This sort of algorithm is not what GHC has been taught to optimise well, there are bigger fish to fry elsewhere before the limited manpower is put into these optimisations.

The problem why list fusion can't work here is actually rather subtle. Say we define the right RULE to fuse the list away:

import GHC.Base
sum2 :: Num a => [a] -> a
sum2 = sum
{-# NOINLINE [1] sum2 #-}
{-# RULES "sum" forall (f :: forall b. (a->b->b)->b->b).
                sum2 (build f) = f (+) 0 #-}

(The short explanation is that we define sum2 as an alias of sum, which we forbid GHC to inline early, so the RULE has a chance to fire before sum2 gets eliminated. Then we look for sum2 directly next to the list-builder build (see definition) and replace it by direct arithmetic.)

This has mixed success, as it yields the following Core:

Main.$wgo =
  \ (w_s1T4 :: GHC.Prim.Int#) ->
    case GHC.Prim.remInt# w_s1T4 2 of _ {
      __DEFAULT ->
        case w_s1T4 of wild_Xg {
          __DEFAULT -> Main.$wgo (GHC.Prim.+# wild_Xg 1);
          15000000 -> 0
      0 ->
        case w_s1T4 of wild_Xg {
          __DEFAULT ->
            case Main.$wgo (GHC.Prim.+# wild_Xg 1) of ww_s1T7 { __DEFAULT ->
            GHC.Prim.+# wild_Xg ww_s1T7
          15000000 -> 15000000

Which is nice, completely fused code - with the sole problem that we have a call to $wgo in a non-tail-call position. This means that we aren't looking at a loop, but actually at a deeply recursive function, with predictable program results:

Stack space overflow: current size 8388608 bytes.

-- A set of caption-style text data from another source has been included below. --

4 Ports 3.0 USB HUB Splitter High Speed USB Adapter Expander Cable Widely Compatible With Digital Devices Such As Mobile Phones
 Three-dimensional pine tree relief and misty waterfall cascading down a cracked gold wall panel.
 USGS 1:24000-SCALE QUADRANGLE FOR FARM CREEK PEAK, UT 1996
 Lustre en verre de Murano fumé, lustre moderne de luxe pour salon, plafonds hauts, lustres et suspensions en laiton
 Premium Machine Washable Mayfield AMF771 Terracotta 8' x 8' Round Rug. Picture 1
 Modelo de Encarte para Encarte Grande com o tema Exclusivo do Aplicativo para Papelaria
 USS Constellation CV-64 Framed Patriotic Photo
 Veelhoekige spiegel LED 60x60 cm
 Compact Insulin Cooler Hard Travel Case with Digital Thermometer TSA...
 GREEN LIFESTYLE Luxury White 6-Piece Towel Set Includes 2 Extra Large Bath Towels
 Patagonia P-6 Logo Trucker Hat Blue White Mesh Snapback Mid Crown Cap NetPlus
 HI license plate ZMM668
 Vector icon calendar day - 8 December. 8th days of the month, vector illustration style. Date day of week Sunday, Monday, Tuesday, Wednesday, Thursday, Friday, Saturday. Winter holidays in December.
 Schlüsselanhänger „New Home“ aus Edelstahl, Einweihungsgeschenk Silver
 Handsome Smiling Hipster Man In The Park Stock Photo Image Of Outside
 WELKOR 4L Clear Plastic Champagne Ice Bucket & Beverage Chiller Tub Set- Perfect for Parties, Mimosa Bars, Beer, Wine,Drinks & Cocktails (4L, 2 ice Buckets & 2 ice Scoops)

The root problem here is that the Prelude's list fusion can only fuse right folds, and computing the sum as a right fold directly causes the excessive stack consumption. The obvious fix would be to use a fusion framework that can actually deal with left folds, such as Duncan's stream-fusion package, which actually implements sum fusion.

Another solution would be to hack around it - and implement the left fold using a right fold:

main = print $ foldr (\x c -> c . (+x)) id [2,4..15000000] 0

This actually produces close-to-perfect code with current versions of GHC. On the other hand, this is generally not a good idea as it relies on GHC being smart enough to eliminate the partially applied functions. Already adding a filter into the chain will break that particular optimization.

Sum first 15,000,000 even numbers:

{-# LANGUAGE BangPatterns #-}

g :: Integer    -- 15000000*15000001 = 225000015000000
g = go 1 0 0
    go i !a c  | c == 15000000 = a       
    go i !a c  | even i = go (i+1) (a+i) (c+1)
    go i !a c           = go (i+1) a c

ought to be the fastest.

If you want to be sure to traverse the list only once, you can write the traversal explicitly:

nats = [1..] :: [Int]

requiredOfX :: Int -> Bool -- this way you can write a different requirement
requiredOfX x = even x

dumbSum :: Int
dumbSum = dumbSum' 0 0 nats
  where dumbSum' acc 15000000 _ = acc
        dumbSum' acc count (x:xs)
          | requiredOfX x = dumbSum' (acc + x) (count + 1) xs
          | otherwise     = dumbSum' acc (count + 1) xs